Tequila didn't respond.
"It's completely natural," Hammett said. "We were really going at each other. Fighting for our lives. It was primal. Instinctive. Increased blood flow and muscle tension. Elevated heart rate and emotional arousal. The same biological response as being sexually stimulated. Then it was over, but your body is still processing all the testosterone it produced. All the epinephrine and cortisol. Plus there was the dopamine and serotonin dump, because you're relieved to still be alive. Right now you're a walking hormone cocktail. So am I. The best thing to do, in situations like this, is work it out on a king-sized bed."
Tequila reached over, took Hammett's other biscotti, and popped it in his mouth. After chewing and swallowing he said, "Okay."
"Okay?"
"You're scary. But you're right. I could use it. And frankly, the porn on Italian cable TV is skeevy. No offense to this country, but they've got a body hair thing going on that reminds me of the 1970s."

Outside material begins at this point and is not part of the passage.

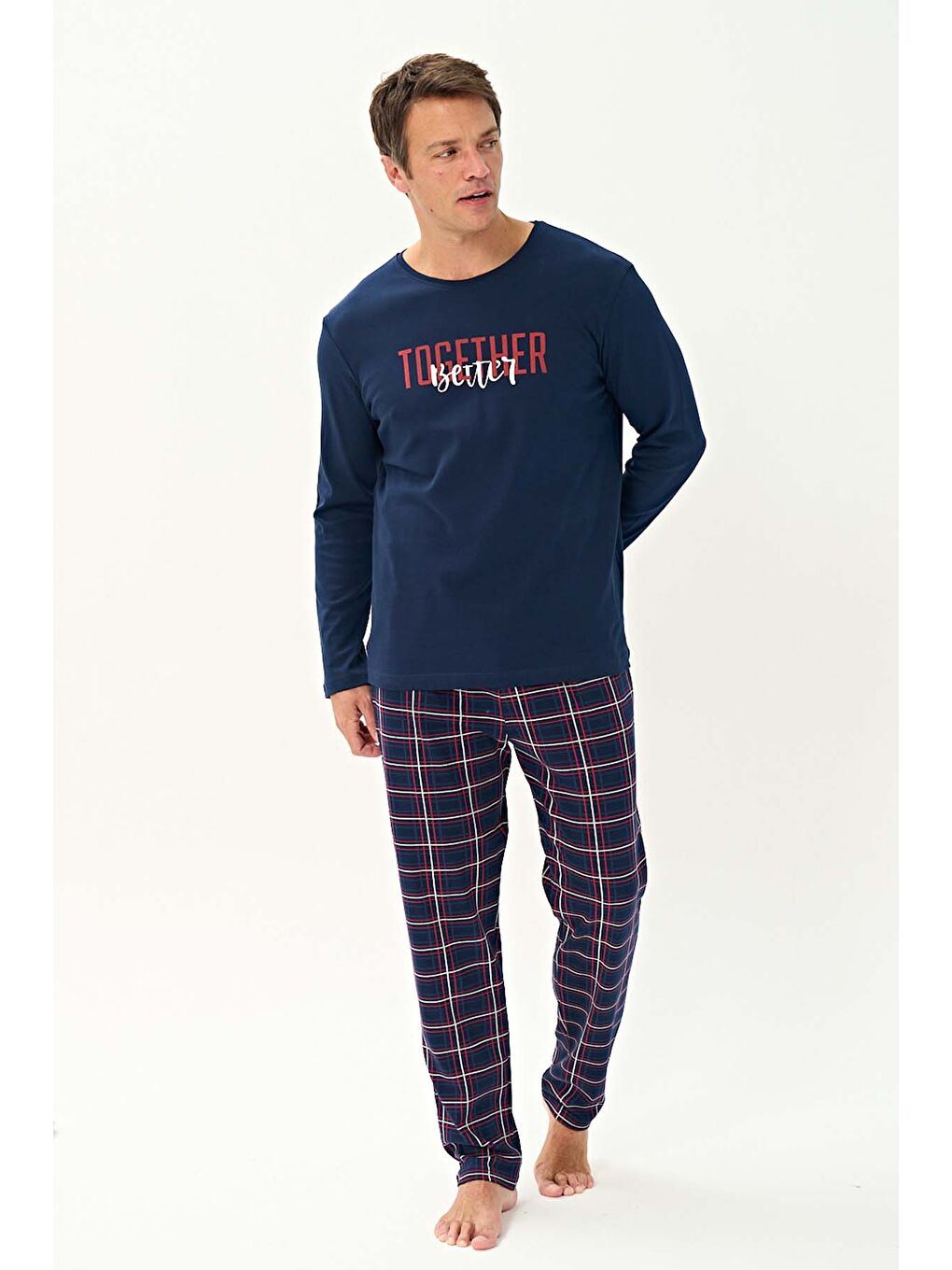 Lacivert Erkek Penye Uzun Kol Pijama Takımı 2251 Laci08-3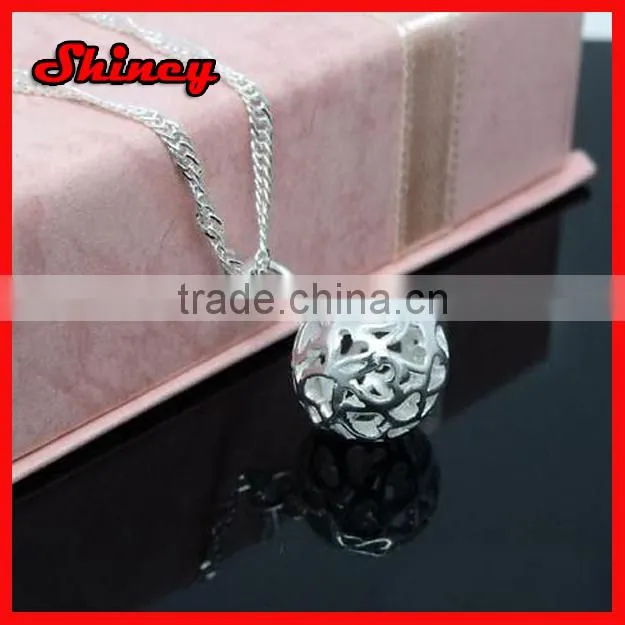 stock order !silver cheap solitaire diamond heart necklace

"I don't have any body hair," Hammett said. "Anywhere."
"If we do this, I have some conditions."
"I'm listening."
"First, no restraints. I'll never trust you that much."
"Okay."
"Second, condoms. I don't have any, so we need to get some. I'm assuming that you've slept with a lot of men. No offense."
"None taken. And you're correct."
It was more than a lot. And it wasn't just limited to men.
"So we need to stop at some store—"
"I have condoms, Tequila."
"Are they extra-large?"
Hammett tried to keep her face neutral, and wasn't sure she succeeded. "They aren't."